## EXERCISE INPUTS
★ ★ ★
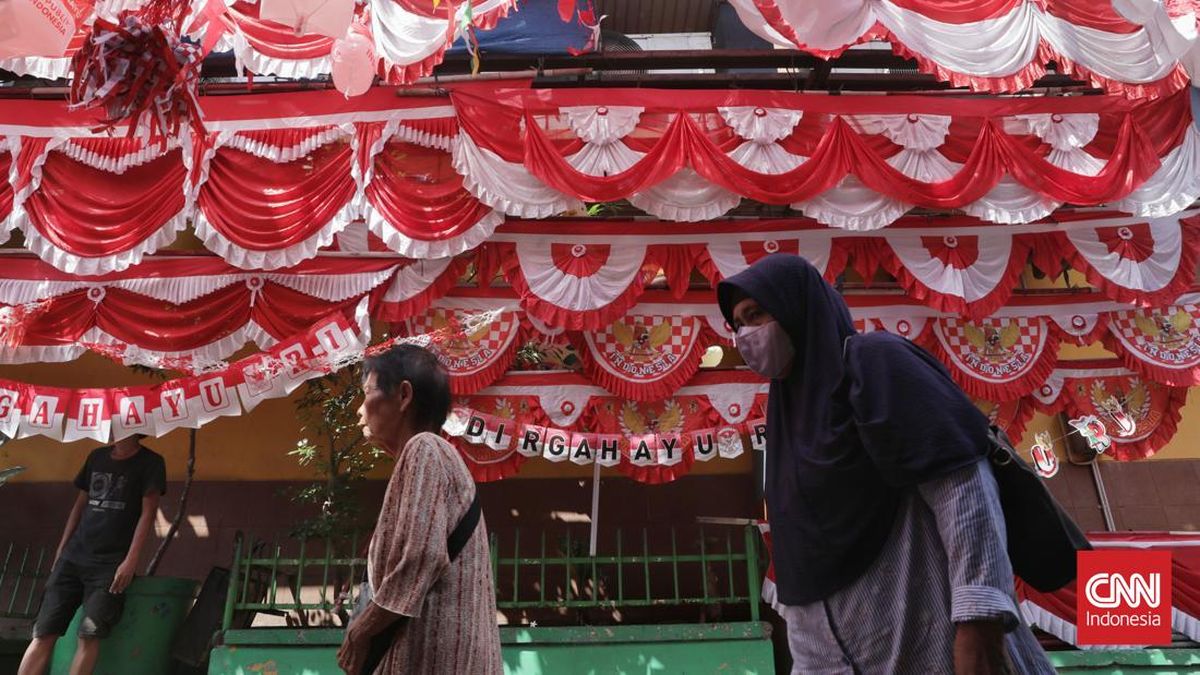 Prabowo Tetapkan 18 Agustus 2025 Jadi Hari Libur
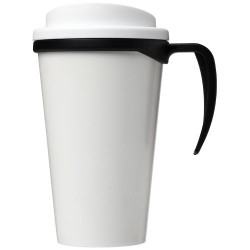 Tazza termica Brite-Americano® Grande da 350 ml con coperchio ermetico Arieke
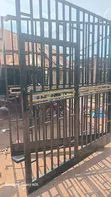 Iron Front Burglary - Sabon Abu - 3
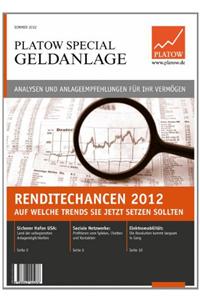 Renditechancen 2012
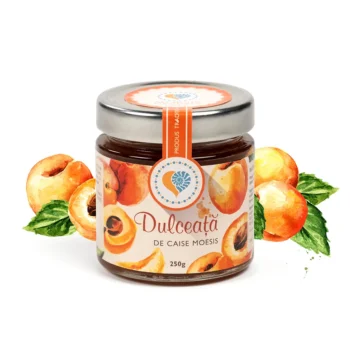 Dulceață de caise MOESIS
★ ★ ★
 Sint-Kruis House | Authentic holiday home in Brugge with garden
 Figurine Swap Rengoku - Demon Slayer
★ ★ ★
## PROBLEM DETAILS
A clean copy is needed of the lines above from the one with "Prabowo Tetapkan 18" up to and including the one with "Dulceață de caise MOESIS". Please set it down exactly, with no pictures.

## SOLUTION FOR THIS EXERCISE
 Prabowo Tetapkan 18 Agustus 2025 Jadi Hari Libur
 Tazza termica Brite-Americano® Grande da 350 ml con coperchio ermetico Arieke
 Iron Front Burglary - Sabon Abu - 3
 Renditechancen 2012
 Dulceață de caise MOESIS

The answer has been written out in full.